Eliezer Yudkowsky comments on On Terminal Goals and Virtue Ethics

Eliezer Yudkowsky 24 Jun 2014 18:25 UTC
−1 points

From what I can tell on the outside, the MIRI approach seems to be: (1) find a practical theory of FAI; (2) design an AGI in accordance with this theory; (3) implement that design; (4) mission accomplished!

Yes, dear, some of us are programmers, we know about waterfalls. Our approach is more like, “Attack the most promising problems that present themselves, at every point; don’t actually build things which you don’t yet know how to make not destroy the world, at any point.” Right now this means working on unbounded problems because there are no bounded problems which seem more relevant and more on the critical path. If at any point we can build something to test ideas, of course we will; unless our state of ignorance is such that we can’t test that particular idea without risking destroying the world, in which case we won’t, but if you’re really setting out to test ideas you can probably figure out some other way to test them, except for very rare highly global theses like “The intelligence explosion continues past the human level.” More local theses should be testable.

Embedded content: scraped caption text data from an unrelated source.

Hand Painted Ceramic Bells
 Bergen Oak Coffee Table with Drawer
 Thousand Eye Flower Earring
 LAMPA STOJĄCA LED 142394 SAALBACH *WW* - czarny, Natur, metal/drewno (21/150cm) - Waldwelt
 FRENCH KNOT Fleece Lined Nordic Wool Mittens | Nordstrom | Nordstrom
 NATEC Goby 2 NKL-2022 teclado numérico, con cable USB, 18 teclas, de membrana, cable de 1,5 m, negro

See also Ch. 22 from HPMOR, and keep in mind that I am not Harry, I contain Harry, all the other characters, their whole universe, and everything that happens inside it. In other words, I am not Harry, I am the universe that responded to Harry.
- Mark_Friedenbach 24 Jun 2014 19:09 UTC
  8 points
  Parent
  I’ll have to review Ch. 22 later as it is quite long.
  
  If a stable self-modifying agent + friendly value-loading was the only pathway to a positive singularity, then MIRI would be doing a fine job. However I find that assumption not adequately justified.
  
  For example, take oracle AI. The sequences do a good job of showing how a black box AI can’t be safely boxed, nor can any of its recommendations be trusted. But those arguments don’t generalize to when we can see and understand the inner workings of the AI. Yes engineering challenges apply as you can’t demand a computational trace of the entire returned result, as that would require an even more powerful AI to analyze, and then it’d be turtles all the way down. However you can do something like the Fiat-Shamir transform for selecting branches of the computational trace to audit. In essence, use the cryptographic hash of the result in order to choose which traces of the audit log to reveal. This allows the audit log to be only a tiny, tiny slice of the entire computation, yet it can be shown that faking such an audit log is computationally infeasible, meaning that it requires a large multiple more computation than went into the original result, which means it would be energetically detectable.
  
  Of course you would also have to have the AI be written for a virtual machine which is pure, strongly typed and directly supports the native abstraction primitives of the AGI design (e.g. if it were OpenCog, the virtual machine would exist at the abstraction level of the atomspace), and have a computational stack underneath that which prevents VM breakout, and other protective measures. But these are surmountable engineering challenges, the difficulty of which can be realistically quantified.
  
  So how much more or less difficult would it be to accomplish such an untrusted oracle AI vs the stable self-modifying agent and value-loading approach? Which one is more likely to occur before the “competition”?
  
  I’m not demanding a full waterfall project plan, but even agile requires convincing arguments about critical paths and relative priorities. I for one am not convinced.
  - TheAncientGeek 25 Jun 2014 13:54 UTC
    −4 points
    Parent
    
    If a stable self-modifying agent + friendly value-loading was the only pathway to a positive singularity, then MIRI would be doing a fine job. However I find that assumption not adequately justified.
    
    Well that makes three of us...
- [deleted] 24 Jun 2014 21:55 UTC
  3 points
  Parent
  
  See also Ch. 22 from HPMOR, and keep in mind that I am not Harry, I contain Harry, all the other characters, their whole universe, and everything that happens inside it. In other words, I am not Harry, I am the universe that responded to Harry.
  
  Badass boasting from fictional evidence?
  
  Yes, dear, some of us are programmers, we know about waterfalls.
  
  If anyone here knew anything about the Waterfall Model, they’d know it was only ever proposed sarcastically, as a perfect example of how real engineering projects never work. “Agile” is pretty goddamn fake, too. There’s no replacement for actually using your mind to reason about what project-planning steps have the greatest expected value at any given time, and to account for unknown unknowns (ie: debugging, other obstacles) as well.
  - Eliezer Yudkowsky 26 Jun 2014 17:51 UTC
    0 points
    Parent
    
    If anyone here knew anything about the Waterfall Model, they’d know it was only ever proposed sarcastically, as a perfect example of how real engineering projects never work
    
    Yes, and I used it in that context: “We know about waterfalls” = “We know not to do waterfalls, so you don’t need to tell us that”. Thank you for that very charitable interpretation of my words.
    - [deleted] 27 Jun 2014 5:48 UTC
      2 points
      Parent
      Well, when you start off a sentence with “Yes, dear”, the dripping sarcasm can be read multiple ways, none of them very useful or nice.
      
      Whatever. No point fighting over tone given shared goals.